The separation of what one wants to be true from what, in my undergraduate days, my philosophy student friends used to call really real reality has become so commonplace, I sometimes wonder how people manage to drive home safely. The laws of physics that state two objects can’t fill the same space at the same time still prevail, no matter how optimistic the passer.
A couple weeks ago, my boss’s eighty-some-year-old mother was working on making a rent sign. I had bought the white metal blanks, she had had a stencil made, and her son’s foreman had painted the signs. She discovered she would need to buy several sets of self-sticking numbers to get enough zeros for the prices, and was wondering what would be cheaper.
The foreman suggested refrigerator magnets.
She answered they were too expensive.
I looked at them both and said it’s aluminum.
They looked as me as if to say "so," and returned to the pros and cons of using magnets.
I thought, how do I explain grade school science to a woman raised to be a flapper and a young man raised in another country?
I can still vaguely remember some boy bringing two of those gray and red horseshoe magnets to school and showing them attracting screws and repelling each other. The lesson, no doubt, was reinforced by Mr. Wizard.
The magic remains. Last summer I was in a mineral store with a friend, and there was a box labeled with the name of some iron ore, perhaps lodestone. Naturally, I wanted to know. The store owner knew his customers and had placed a magnet next to the box. Now I know.
I suppose the combination of cartoons and advertising that show things like sponges attracting and unattracting spills destroy the wonder of magnets for very small children. Perhaps they learn to use the refrigerator decorations before they can sense the physical attraction when the magnet gets close to the door and, even if they let go, will attach.

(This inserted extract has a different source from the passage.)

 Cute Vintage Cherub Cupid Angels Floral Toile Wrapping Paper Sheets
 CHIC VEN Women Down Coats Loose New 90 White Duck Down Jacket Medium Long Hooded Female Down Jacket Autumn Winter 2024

The virtual world of the media, the familiarity of the commonplace destroy the sense of wonder that made iron workers so important to early man. It’s a link with a very ancient past that’s being lost.
The woman’s next idea was using a magic marker and turpentine. I didn’t even want to consider explaining the properties of powder coating or surface adhesion or any of the other aspects of physics that made that a questionable idea, and so just shouted back "Cheap, cheap, cheap!"
After they left, I took a magnet from the steel file case and put it near the white frame where spots of red showed through. The excitement still exists when the power of attraction takes over. Then I put it on the sign and watched it slide to the floor.
My world view was reified. Aluminum’s still aluminum and steel’s still steel, and all the blathering otherwise won’t change those facts.